School within New York University

Liberal Studies is a school in the Faculty of Arts and Science at the New York University. It houses the Liberal Studies Core Program and the Global Liberal Studies bachelor's degree program. Both of the department's programs employ a core curriculum in the liberal arts and emphasize global study in NYU's Global Network University framework.

==Liberal Studies Core Program==
The Liberal Studies Core Program is a two-year liberal arts academic program centered on the great books. First-year students study at NYU's campuses in New York City, London, Madrid, Washington D.C., or Florence.
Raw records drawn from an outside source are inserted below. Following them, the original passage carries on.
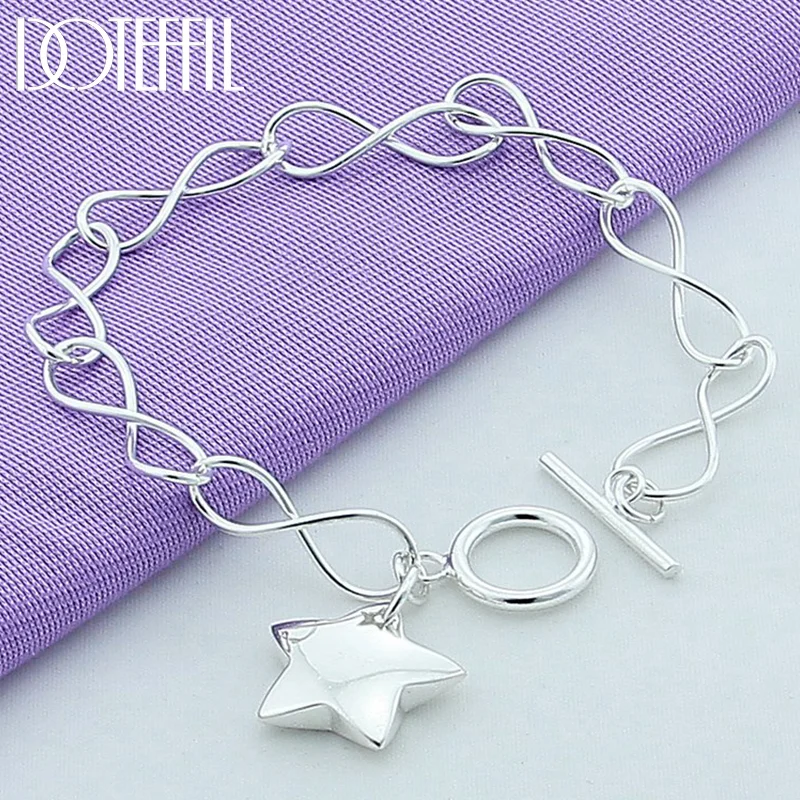 DOTEFFIL 925 Sterling Silver Star Pendant Bracelet Chain For Woman Jewelry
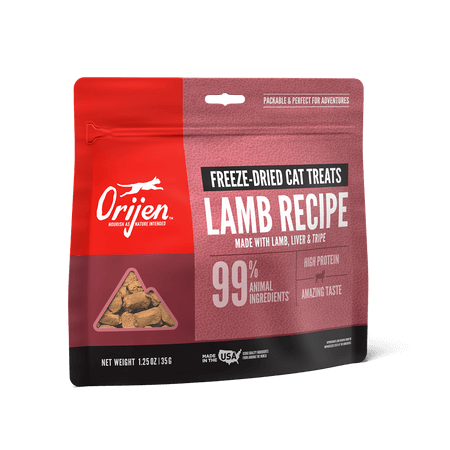 Small resealable bag of Orijen Freeze-Dried Lamb cat treats.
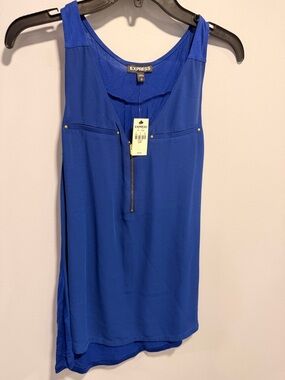 Express Royal Blue Sleeveless Zip-Front Tank Top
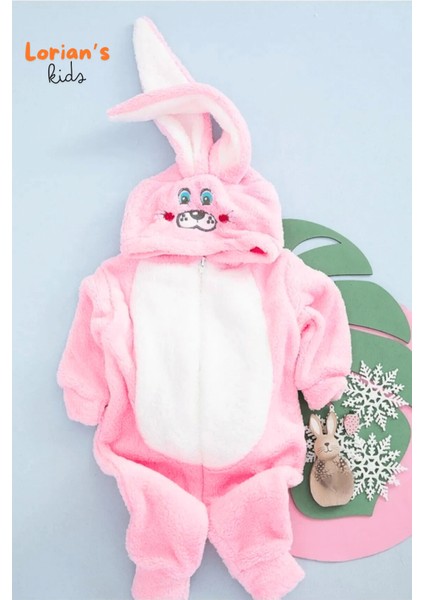 Welsoft Kız Pembe Tavşan Yumuşak Peluş Fermuarlı Bebek Tulumu - 3 Yaş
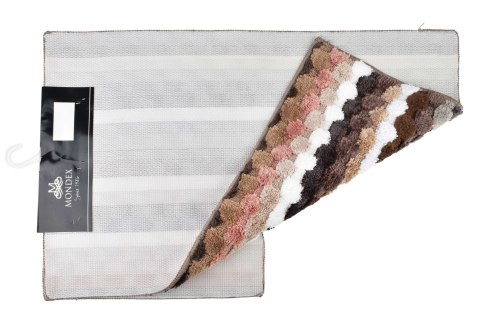 ZAC Komplet 2 dywaników 50x90cm/50x40cmpaski brąz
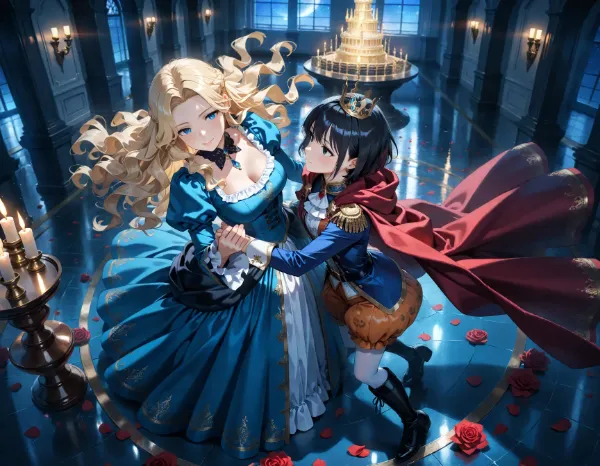 黒髪＆ブロンド・お城の舞踏会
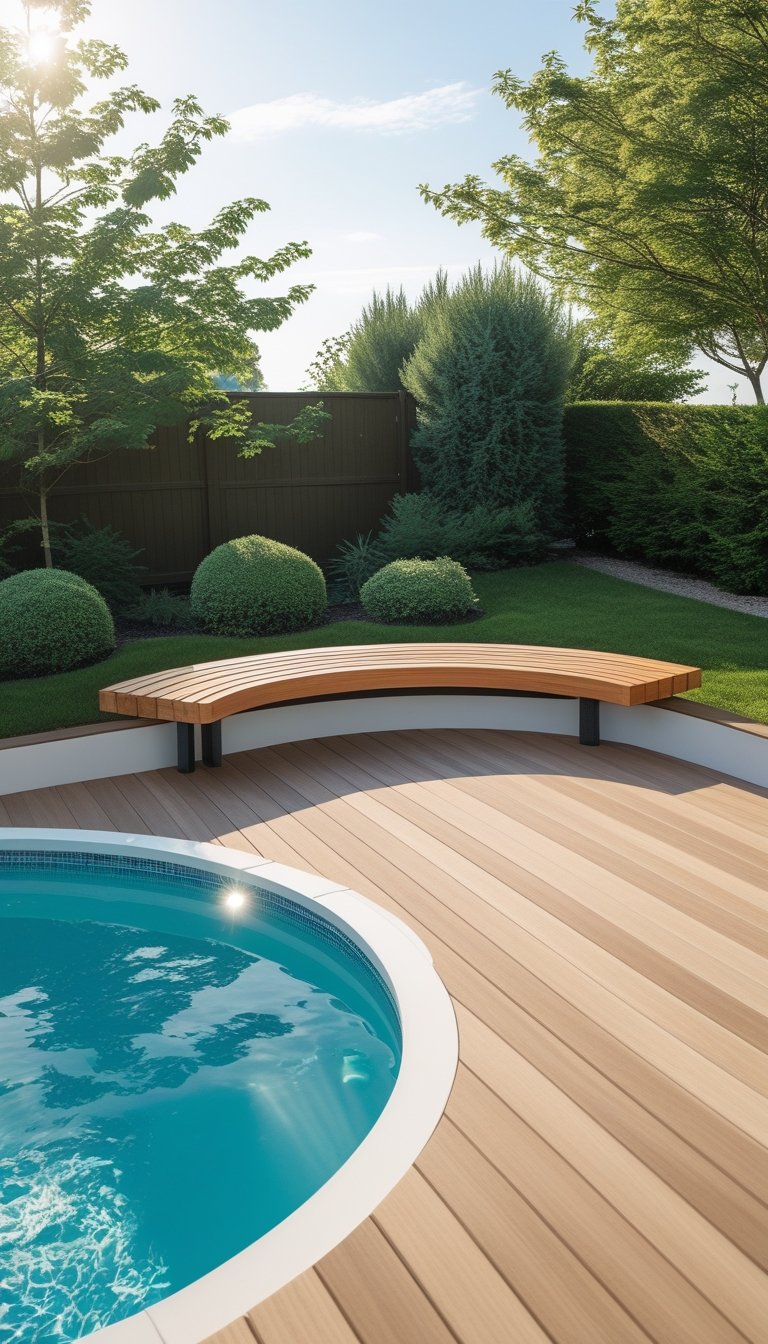 Oval above ground pool with a curved wooden bench wrapping around its edge on a wooden deck surrounded by greenery.
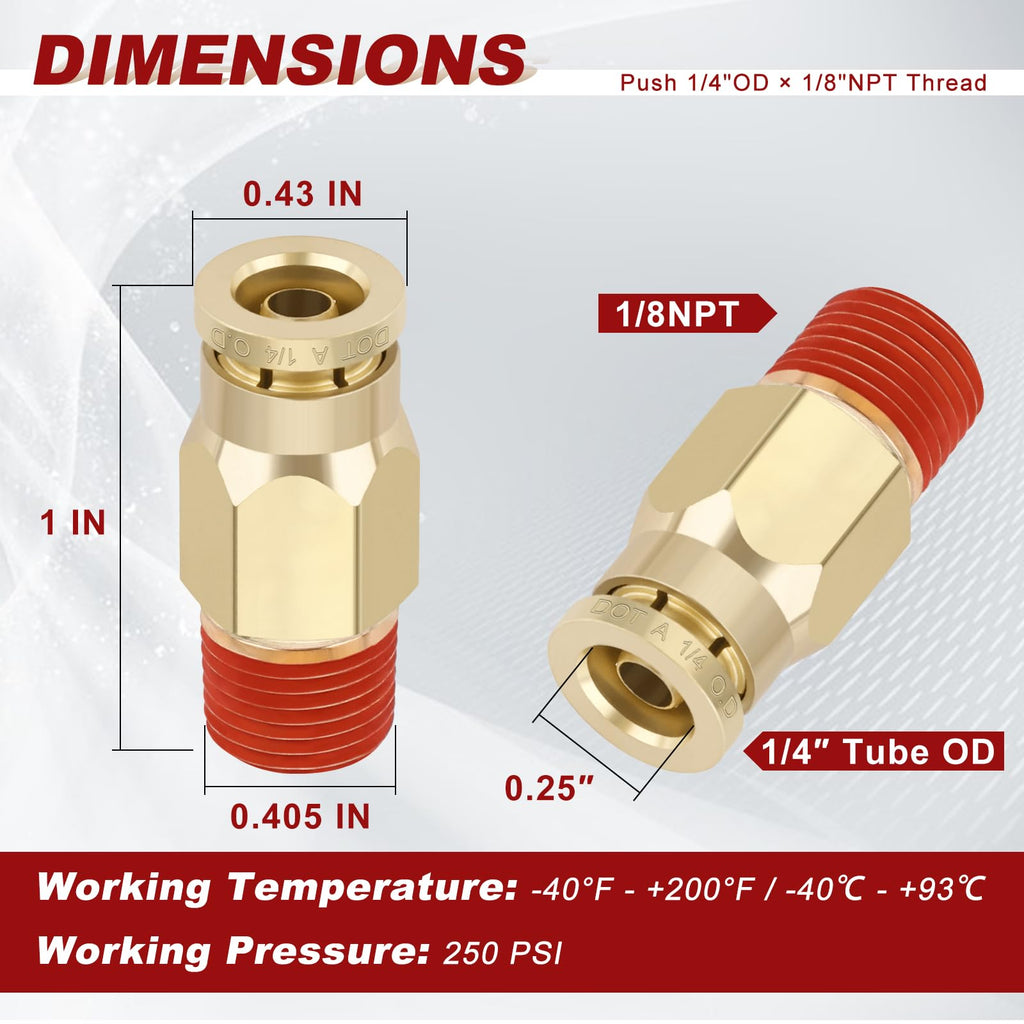 Boeray DOT Approved Male Straight Brass Union 1/4" Tube x 1/8" NPT, 4PCS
After the second year, students transition to their chosen majors throughout NYU to complete their bachelor's degree.

==Global Liberal Studies==
Global Liberal Studies is a four-year bachelor's degree program. First-year students study at NYU's campuses in New York City, London, Madrid, and Florence, before moving to New York City for the sophomore year. Third-year students are required to study at one of NYU's fourteen global academic centers.